In the network security exercise classes taught by the author, participants design, build, and operate networks, and observe their behavior to solve practice problems and assigned tasks. In such situations, LLMs are expected to assist in troubleshooting various issues, effectively supplementing or replacing instructors.

The LiNeS Cloud exercise environment [8] enables the construction of virtual networks on a server using user-mode Linux virtual machines as nodes and provides a web-based user interface for network editing. In this environment, participants use their local PCs to build networks composed of Linux-based devices (such as servers and firewalls), and perform both attack and defense activities. Under these conditions, it is straightforward for server-side application processes to collect the participants’ network configurations.

However, no standardized mechanism currently exists for exchanging structured configuration data between applications and large language models (LLMs) in the context of educational network exercises—particularly one that supports Linux-specific semantics such as iptables rules and custom device roles. As a result, challenges remain in ensuring interoperability and seamless integration between LLMs and system components. While LLMs are capable of understanding both natural and formal languages, the ambiguity and lack of structure inherent in natural language hinder deterministic applications from accurately interpreting such information. As a result, it remains difficult for the LiNeS Cloud system to construct networks directly based on LLM-generated proposals (see Figure 1a). To overcome this limitation, we introduce an exercise-specific YANG profile that enables deterministic, bidirectional exchange of network configuration data between LiNeS Cloud and LLMs, as illustrated in Figure 1b.

YANG [9] is a formal language designed for describing network configurations, with its specifications documented in natural language and widely accessible online. Additional configuration parameters can be incorporated by systematically extending existing YANG modules according to established rules. The author confirmed that ChatGPT, Claude, and Gemini were able to describe basic network configurations with reasonable accuracy using existing YANG modules.

However, the YANG modules defined in IETF Request for Comments (RFC) documents [10] are insufficient for fully describing the exercise networks. This is due to the inclusion of Linux-based devices in the exercise environment, whose specific configurations—such as Linux-specific network interface settings, iptables-based firewall rules, and exercise-specific device roles—are not adequately captured by standard YANG modules. Since these modules are primarily designed for general-purpose network devices, they lack the structural support needed to describe Linux-specific configurations.

The author developed a dialogue system within LiNeS Cloud that enables participants to interact with ChatGPT, proposing a method to share network configuration information with ChatGPT using YANG profiles [11]. This dialogue function is expected to enable participants to consult ChatGPT for troubleshooting network design issues and implementing attack and defense strategies, thereby reducing their reliance on instructors or teaching assistants.

However, the previous study [11] did not provide sufficient detail on the design rationale or evaluation of the YANG profile, nor did it examine compatibility with LLMs other than ChatGPT. In response, this research proposes a YANG profile designed to efficiently share exercise network configuration information between the LiNeS Cloud application and LLMs. This profile builds upon the ietf-network module [12], which provides a model for network topology, and extends it using three main strategies: (1) defining and adding elements specific to exercise networks (e.g., firewall configurations), (2) incorporating reusable components from existing YANG modules (e.g., interface names), and (3) modifying dependencies and conditional relationships among elements to reflect constraints in the exercise environment. This structured approach allows for a detailed representation of exercise networks in a format interpretable by both LLMs and applications. Furthermore, this study experimentally evaluates how accurately LLMs can interpret and generate network configurations based on the proposed YANG profile.

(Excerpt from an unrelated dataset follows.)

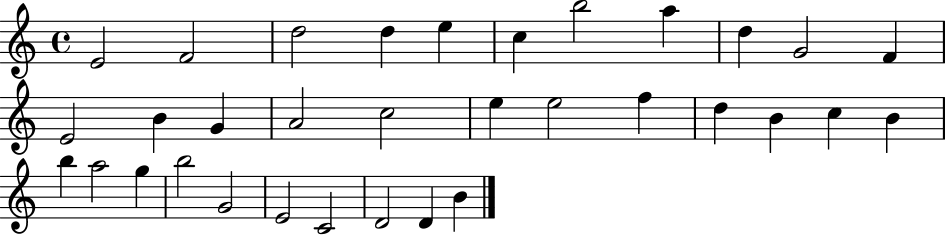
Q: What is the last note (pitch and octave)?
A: B4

The YANG profile proposed in this study serves as a foundational technology for integrating LLMs into network exercise systems. Leveraging this technology, LLMs can comprehend the networks constructed by participants, offer feedback and improvement suggestions, and even design exercise scenarios themselves (e.g., troubleshooting networks or attack scenarios). Such collaboration with AI is expected to significantly enhance the quality and adaptability of hands-on learning experiences, thereby broadening the educational applications of AI.

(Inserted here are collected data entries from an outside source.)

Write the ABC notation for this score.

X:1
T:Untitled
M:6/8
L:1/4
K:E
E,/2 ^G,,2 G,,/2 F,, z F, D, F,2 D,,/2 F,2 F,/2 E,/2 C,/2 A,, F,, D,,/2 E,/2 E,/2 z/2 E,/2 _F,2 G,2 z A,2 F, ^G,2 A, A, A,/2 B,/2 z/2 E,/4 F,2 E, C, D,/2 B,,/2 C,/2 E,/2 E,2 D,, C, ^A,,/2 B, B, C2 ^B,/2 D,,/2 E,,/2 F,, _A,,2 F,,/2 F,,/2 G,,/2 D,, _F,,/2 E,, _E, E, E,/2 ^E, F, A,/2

The remainder of this paper is organized as follows. Section 2 surveys five related research streams and positions our contribution. Section 3 states the design principles for the YANG profile. Section 4 details the profile specification, and Section 5 describes the systematic element definition method. Section 6 evaluates the profile with three state-of-the-art LLMs. Finally, Section 7 concludes and outlines future work.

2. Related Work

A short prototype of this idea was reported in our conference paper [11]. That work introduced the concept of sending exercise networks to ChatGPT, but (1) lacked a formal YANG profile, (2) evaluated only a single LLM, and (3) did not cover Linux/iptables. The present article addresses all three gaps.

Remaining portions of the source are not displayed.